A Operação Contenção, no Rio, deflagrada na última 3ª feira, 28 de outubro, quando a Polícia Militar fluminense massacrou mais de 120 pessoas sem lhes dar conhecimento do porquê da persecução penal, impondo a pena de morte a fórceps em território carioca, veio a calhar para essa “Operação Contenção Parlamentar” que está sendo urdida como um dos contragolpes ao crime organizado. Em meio ao momento torpe que o país vive, retomar a discussão do voto distrital pode ser a abertura de um portal para mudanças mais agudas e profundas no sistema político.

Hora de rever financiamento público e eli dos partidos

O Partido dos Trabalhadores, um dos motores do lobby legislativo vitorioso que pôs fim ao financiamento privado de campanhas e de partidos políticos depois das eleições de 2014, passou a discutir internamente um retorno ao modelo original. A instituição do financiamento público exclusivo de partidos e campanhas se deu como forma de reagir à perseguição da ala lavajatista do Poder Judiciário, do Ministério público e da imprensa tradicional.

Em razão do clima que se instaurou no Brasil com a sanha persecutória à atividade política e a criminalização generalizada dos políticos, proibiu-se o financiamento privado que havia sido legalizado e formalizado em 1994 como reação preventiva do trade político aos males-feitos por Paulo César Farias na campanha de 1989 e na criação da República de Alagoas durante o breve governo de Fernando Collor (1990-92).

O financiamento público “exclusivo” é uma quimera: graças a caixa dois produzido por desvios de emendas parlamentares – em larga medida, mas não apenas por esse meio – há hoje tesourarias paralelas operando em diversas siglas partidárias. Os dínamos que faz encher o caixa ora são as emendas parlamentares, ora são os compromissos assumidos para que parlamentares legislem em função de projetos determinados. Determinados, sempre, por interesses empresariais muitas vezes ilegítimos e obscuros.

No Supremo Tribunal Federal e no Tribunal Superior Eleitoral, Cortes superiores que fecharam com a tese da extinção do financiamento privado da política há uma década, há clima favorável a rediscutir o tema e retroagir ao modelo do passado desde que sejam ampliadas as possibilidades de rastreamento dos financiamentos e reforçado o papel das instituições de Estado na fiscalização das campanhas.
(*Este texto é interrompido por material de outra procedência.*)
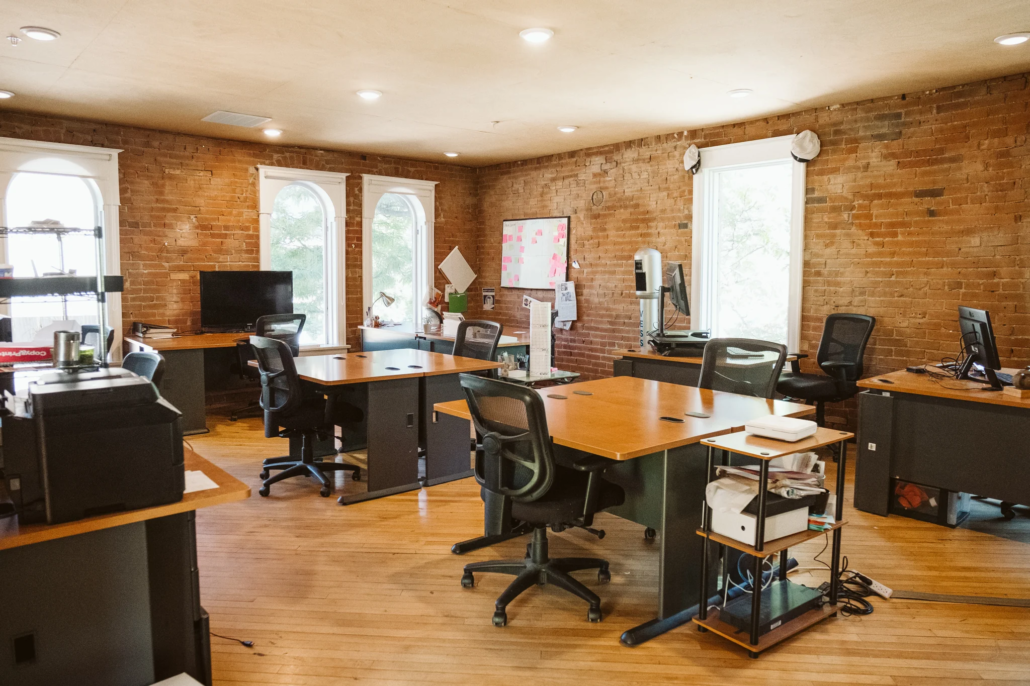 Open-plan coworking office at Boulder Riverside with arched windows, exposed brick, and multiple workstations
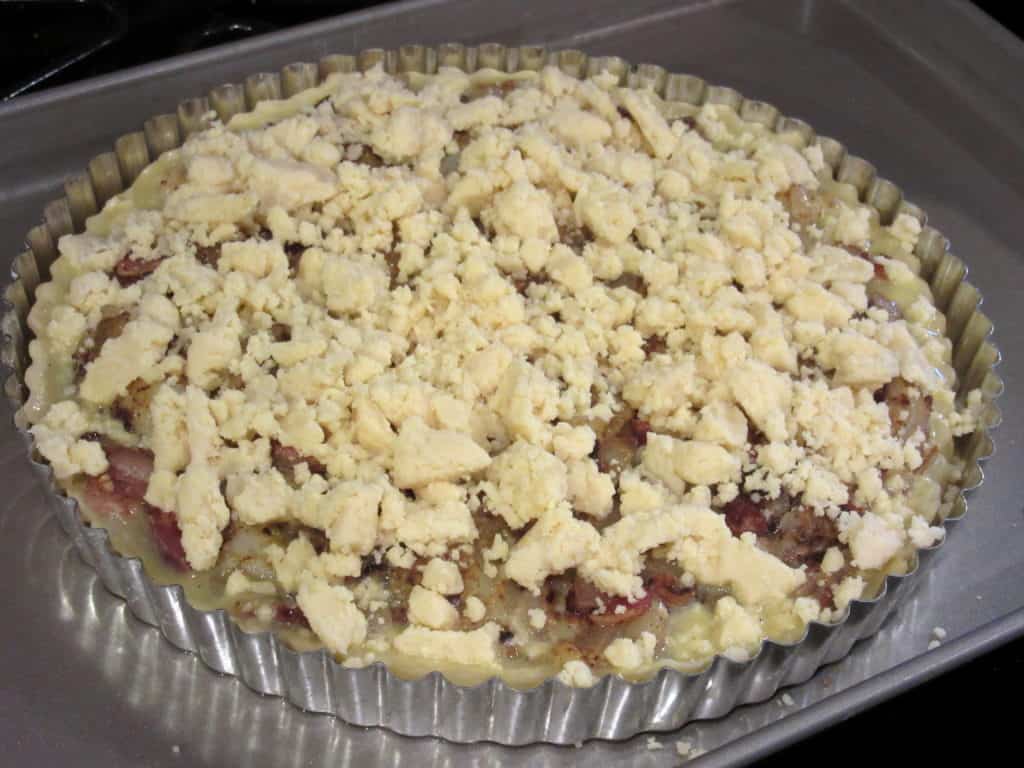 Dubliner cheese over the top of an Irish cheese and potato tart before baking.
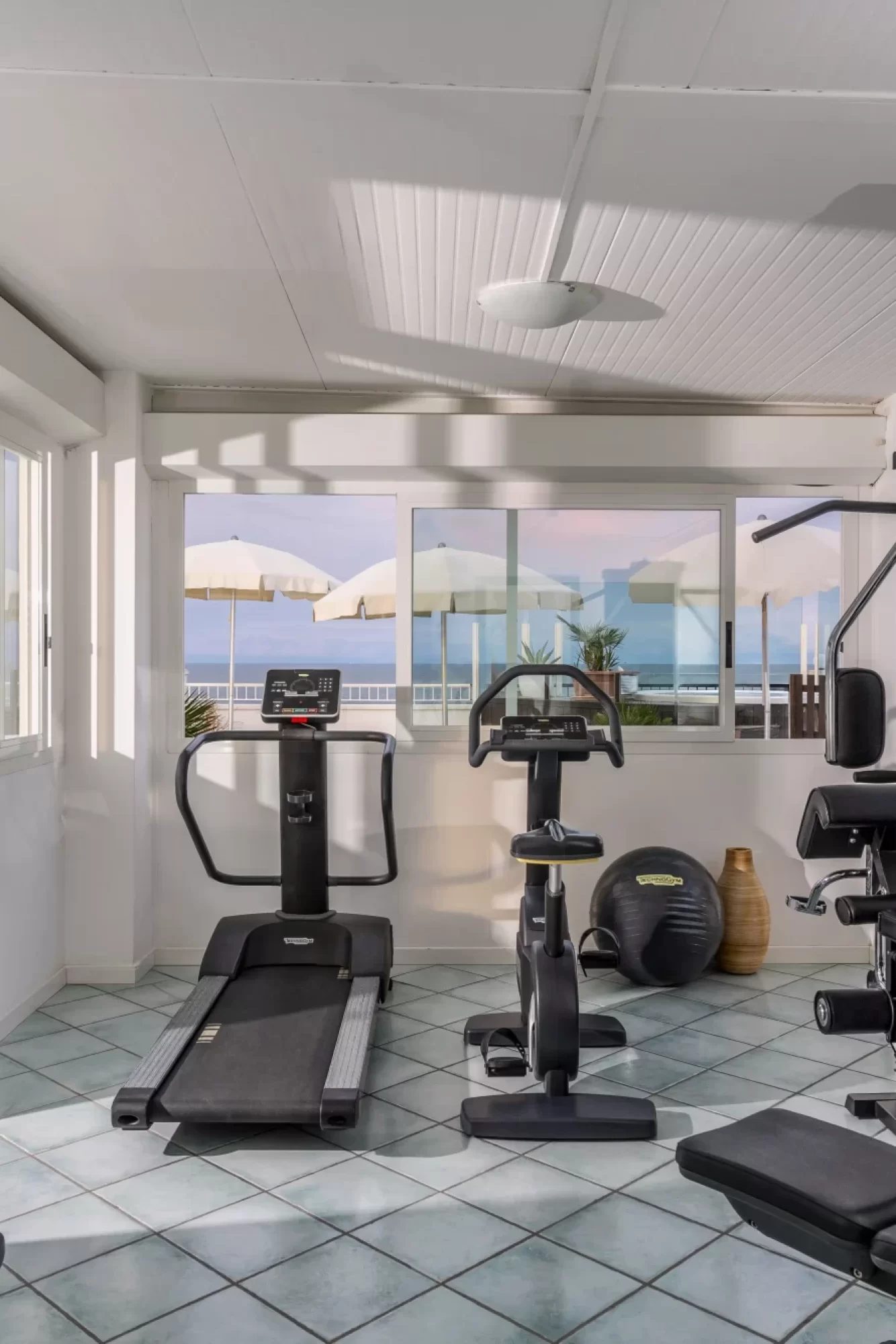 Palestra moderna con vista mare attraverso ampie finestre.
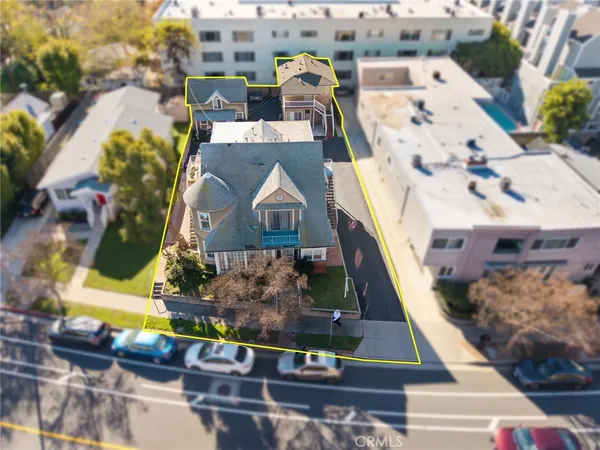 an aerial view of a house with a yard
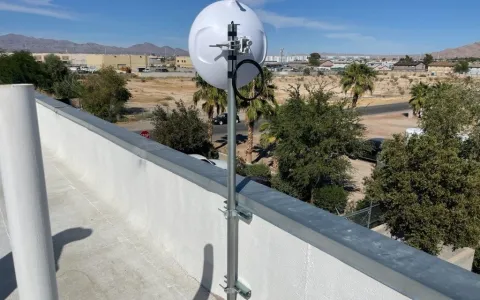 Professional white parabolic dish antenna mounted on a Las Vegas rooftop for reliable high-speed wireless business internet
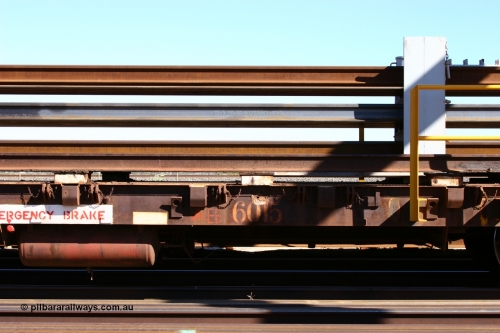 6015 Comeng WA 050801 4772
Flash Butt yard, rail recovery and transport train flat waggon #26, 6015, built by Comeng WA in November 1971, view of original style number.
Keywords: Comeng-WA;BHP-rail-train;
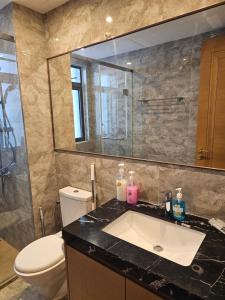 a bathroom with a sink and a toilet and a mirror at R&F Princess Cove JB Apartment Suites By SC Homestay in Johor Bahru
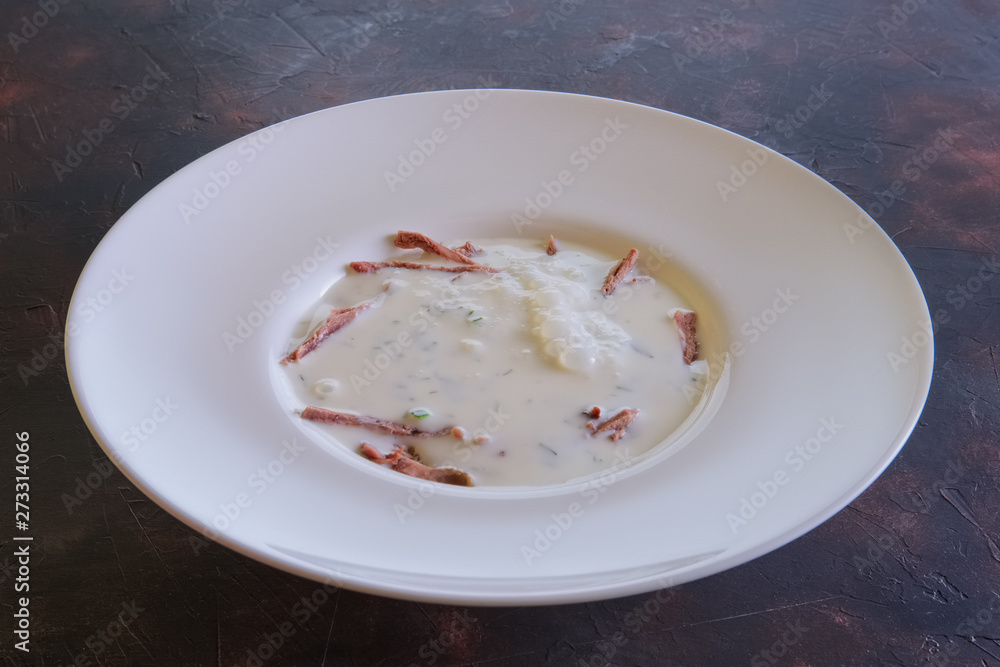 Traditional cold belorussian soup with beef, cucumber, radish and kefir Traditional cold belorussian soup with beef, cucumber, radish and kefir
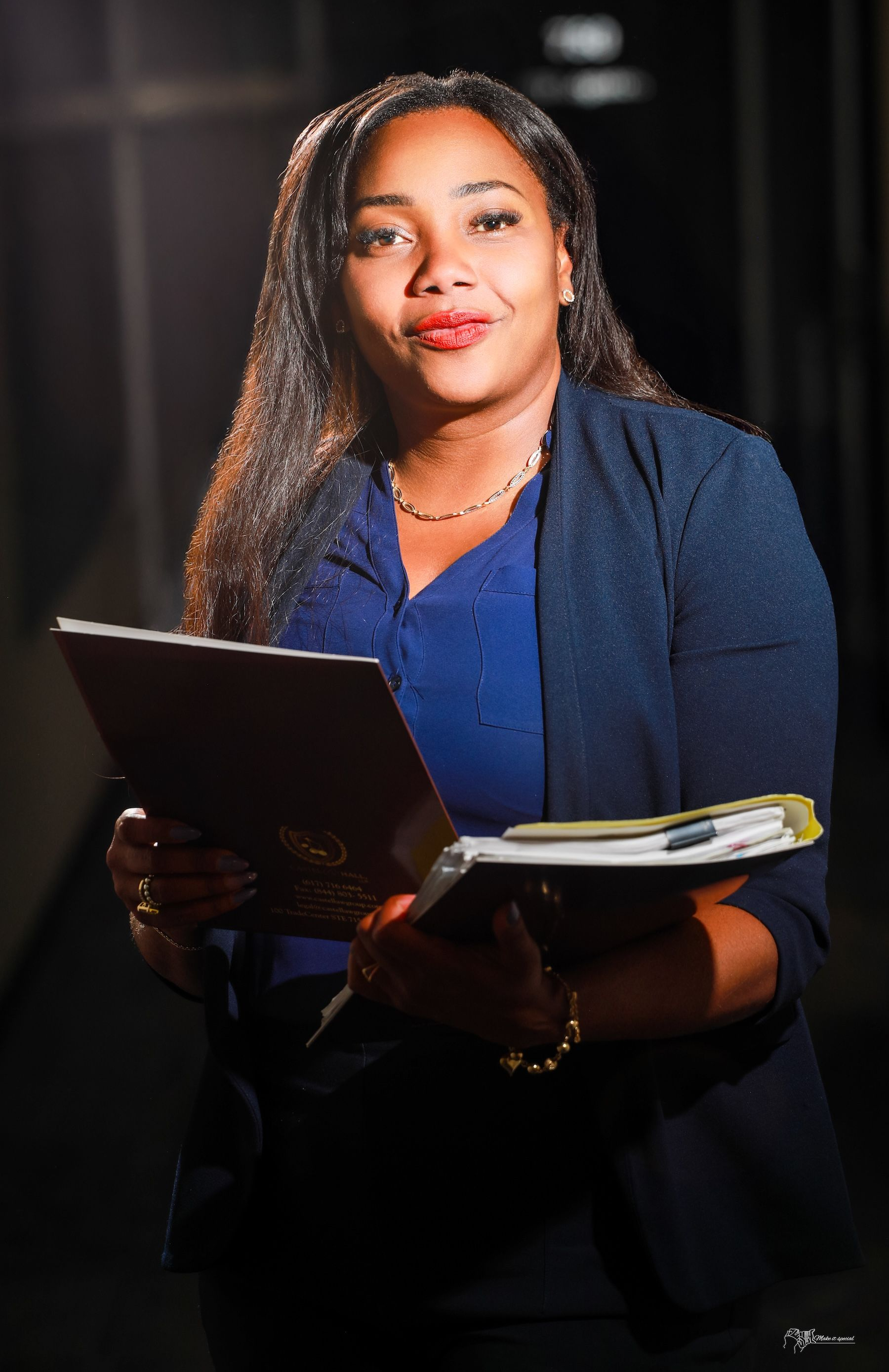Woman in a burgundy suit smiles, a silver necklace, indoors, with framed art on the wall.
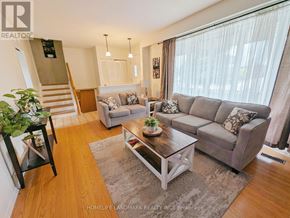 Hamilton (Berrisfield) apartment for rent - A living room with a grey couch, a coffee table, and a staircase.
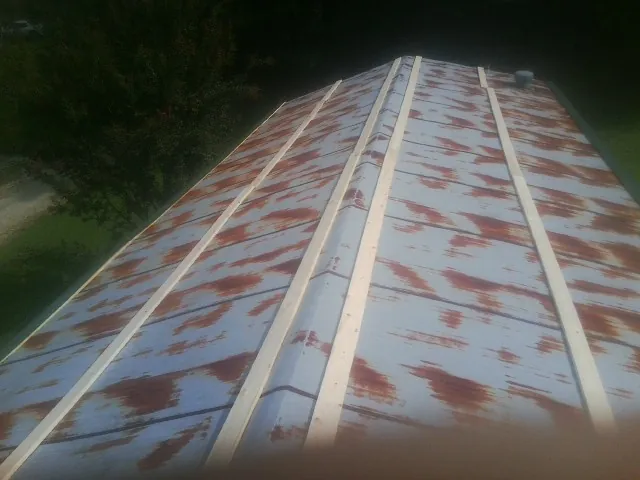 Rusted metal roof panels with new wood purlins before replacement — Storm Damage Roof Repair in Sharon Hill by Roofing Brothers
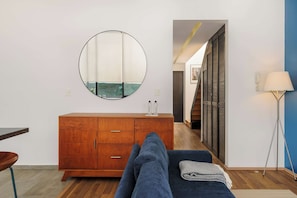 A modern hotel room with a wooden cabinet, a round mirror, a bed with a blue blanket, a floor lamp, and a view of a balcony. - w* | Deluxe 1BR in Escandón w/ Private Terrace (Ciudad de México)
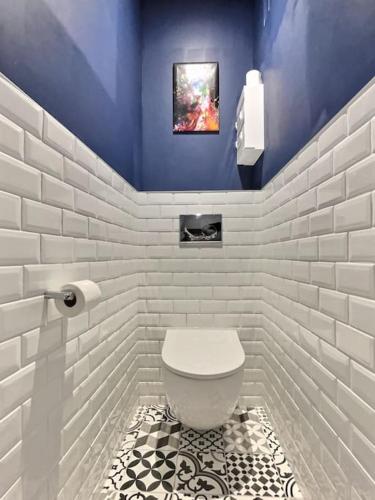 La salle de bains est pourvue de toilettes blanches et d'un mur bleu. dans l'établissement Au Jasmin de Miss K, à Bourg-en-Bresse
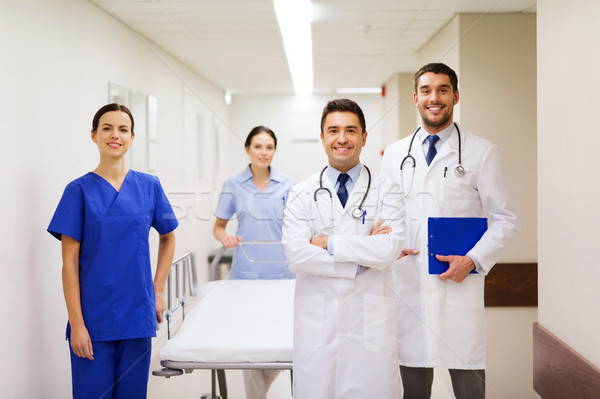 Stock photo: group of happy doctors with gurney at hospital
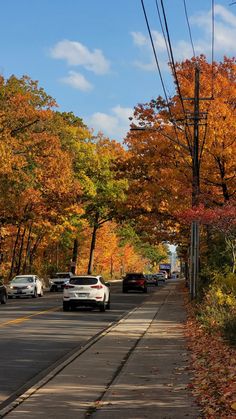 cars are driving down the road in front of trees with orange and yellow leaves on them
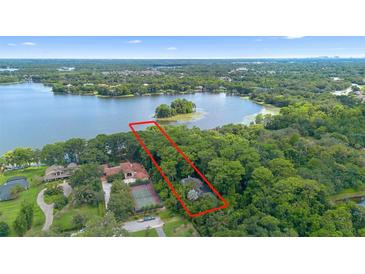 Breathtaking aerial view of a lakefront property with mature trees, offering serene privacy and natural beauty at 4107 Gabriella Ln, Winter Park, FL 32792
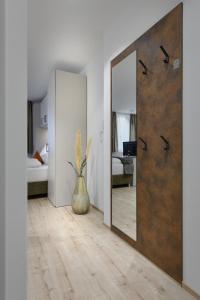 A bed or beds in a room at Villa Fauster Pustrabase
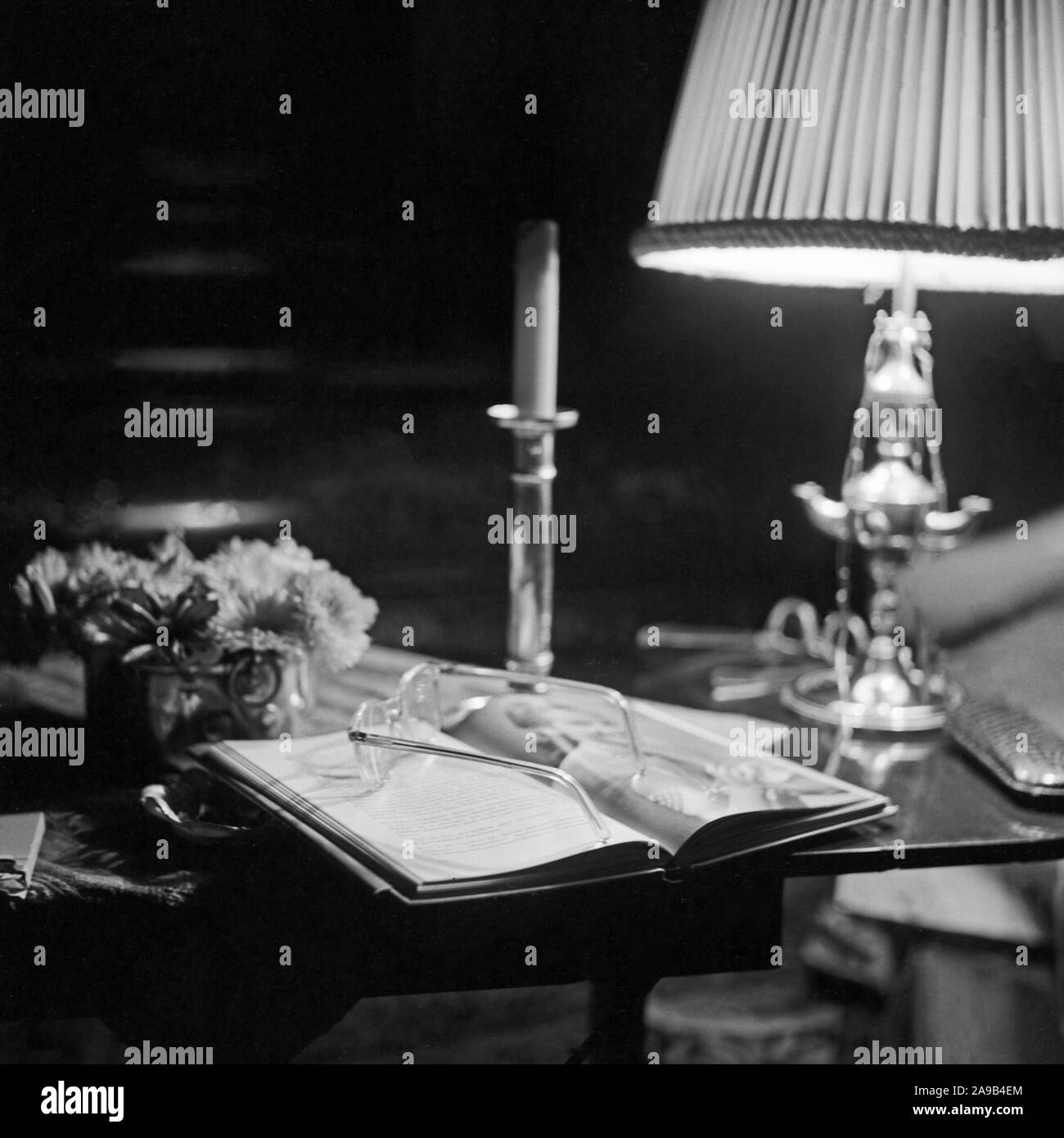 Gläser auf eine geöffnete Buch auf einem Beistelltisch, Deutschland 1956 Stockfoto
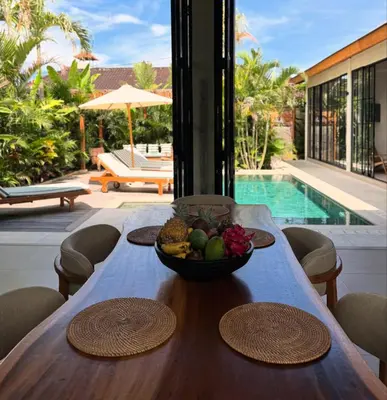 a wooden table with a bowl of fruit on it at Villa Nelaya - Modern 3BR Retreat Private Pool Walk to the Beach in Seminyak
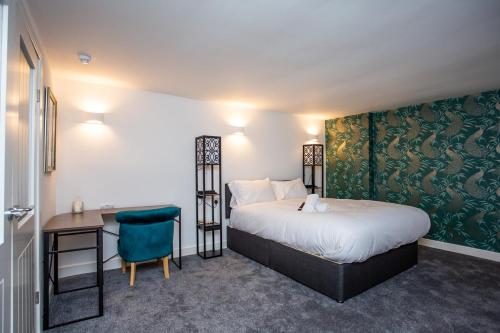 桑德兰Stephenson's Lodge - Stylish One Bed - City Centre的酒店客房配有一张床、一张桌子和一把椅子。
Não se poderá mexer no sistema de votação e no modelo de financiamento sem reformar drasticamente a Lei dos Partidos Políticos (Lei 9.096/1995). É fundamental fechar todas as janelas pelas quais são enfraquecidos ano a ano a cláusula de barreira, essencial para depuração da cena política. Crucial, também a criação de mecanismos que imponham métodos de funcionamento democrático das legendas partidárias, evitando a conversão delas em empresas familiares. Por fim, é basilar a restauração do princípio da fidelidade partidária e a vinculação de mandatos a compromissos públicos dos programas partidários.

O presidente das Câmara, Hugo Motta, anunciou a pretensão de votar a instituição do voto distrital misto até o fim do ano. O relatório que a Câmara recebeu do Senado em 2017 que tem por base o projeto de José Serra é muito bom e se não for desfigurado pelo relator Domingos Neto pode (e deve) ser aprovado do jeito que está, sem precisar retornar para apreciação dos senadores. Mas, a reforma política necessária não pode parar nesse Projeto de Lei 9212. Tem de ir muito além, tem de trazer de volta a fidelidade dos parlamentares aos partidos, a democracia partidária interna, a força institucional na regulação da política e o financiamento privado. Ou se faz isso já, ou as facções terão controle total da cena política em Brasília em mais duas ou três eleições nacionais.